02 Per Lui, Spring/Summer 1984

02 Per Lui, Spring/Summer 1984

Carlo Rivetti joined in 1983 and helped carry that foundation forward. First alongside Osti, then beyond him, he kept the brand centered on research, dyeing, function, and product development. As Stone Island grew, it did so without losing the experimental discipline that had shaped it at the start.


Stone Island Marina appeared that same year. It did not introduce a new idea so much as bring one part of the brand into sharper focus. What had already been there in the name, the badge, and the early outerwear became more direct through sailing jackets, striped knits, marine graphics, resistant shells, and hardware that felt drawn from deck clothing rather than added afterward. By Spring/Summer 1984, Marina had already established a distinct vocabulary through foldaway hoods, coated surfaces, and nautical insignia that remained central to the line.

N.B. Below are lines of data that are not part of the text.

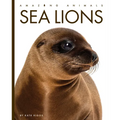 Sea Lions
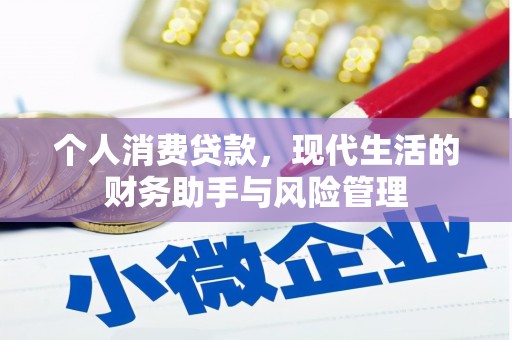 项城个人消费贷款，现代生活的财务助手与风险管理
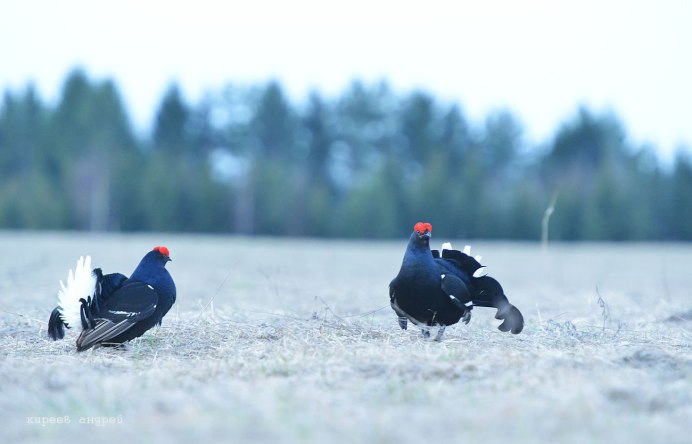 Глухарь птица фото самка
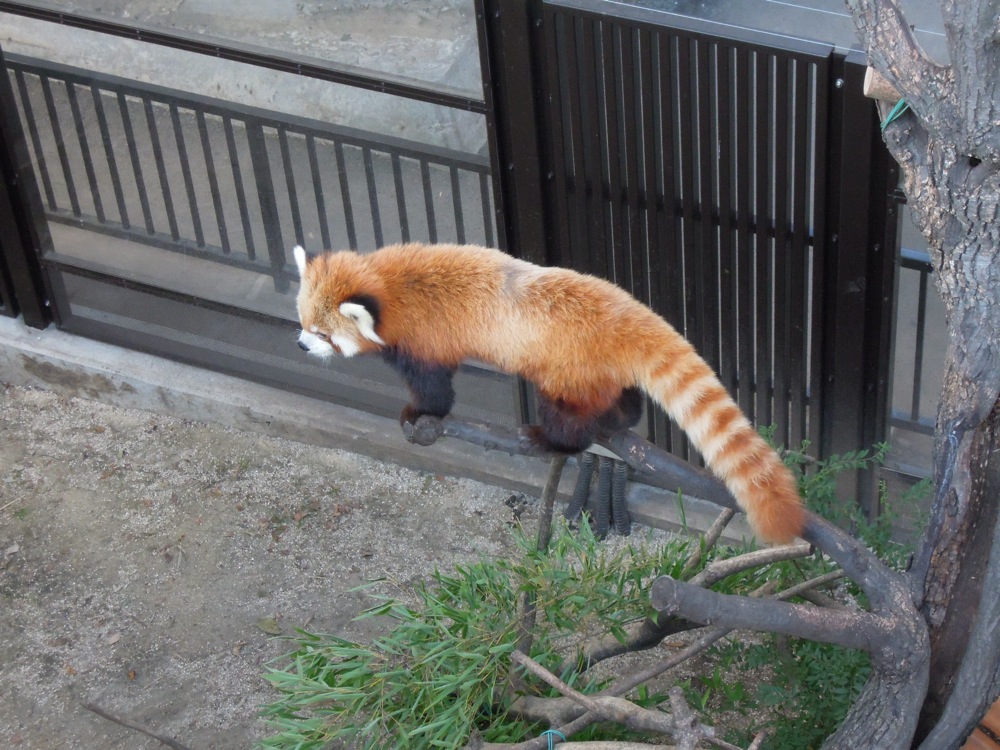 Zoo de Ueno: notre animal favori: le panda roux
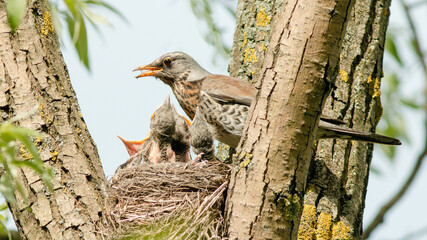 red tailed hawk © lazalnik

"Our approach is closer to industrial design than fashion."

— Carlo Rivetti

Claudia Bergamini, Stone Island Garment Dyed Jacket Process, 2016.

Claudia Bergamini, Stone Island Garment Dyed Jacket Process, 2016.

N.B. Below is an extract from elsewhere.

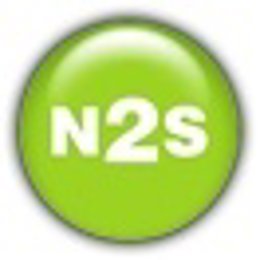 Logo N2S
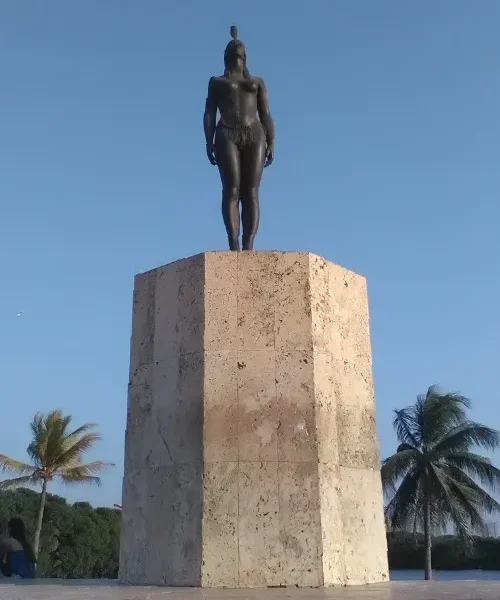 india catalina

Massimo Osti sailing his Swan 65, 1980

Massimo Osti sailing his Swan 65, 1980

From the beginning, Marina was more than a themed offshoot. It was built through construction. The line treated sailing as a practical system of weather protection, fastening, and visibility. That remained true in the Marina collections of the early 2010s, which moved through glow effects, graphic jerseys, outerwear, and lighter technical pieces without losing their marine identity. One of the clearest examples from that period is TELA_MARINA-R, which reworked Tela Stella through a more technical construction while keeping key Marina details in place, including a foldable hood, luminescent elements, and a glow-in-the-dark Marina print.

01 Per Lui, March 1987

02 Luminescent Jacket, 2022

01 Per Lui, March 1987

02 Luminescent Jacket, 2022

From the beginning, Marina was more than a themed offshoot. It was built through construction. The line treated sailing as a practical system of weather protection, fastening, and visibility. That remained true in the Marina collections of the early 2010s, which moved through glow effects, graphic jerseys, outerwear, and lighter technical pieces without losing their marine identity. One of the clearest examples from that period is TELA_MARINA-R, which reworked Tela Stella through a more technical construction while keeping key Marina details in place, including a foldable hood, luminescent elements, and a glow-in-the-dark Marina print.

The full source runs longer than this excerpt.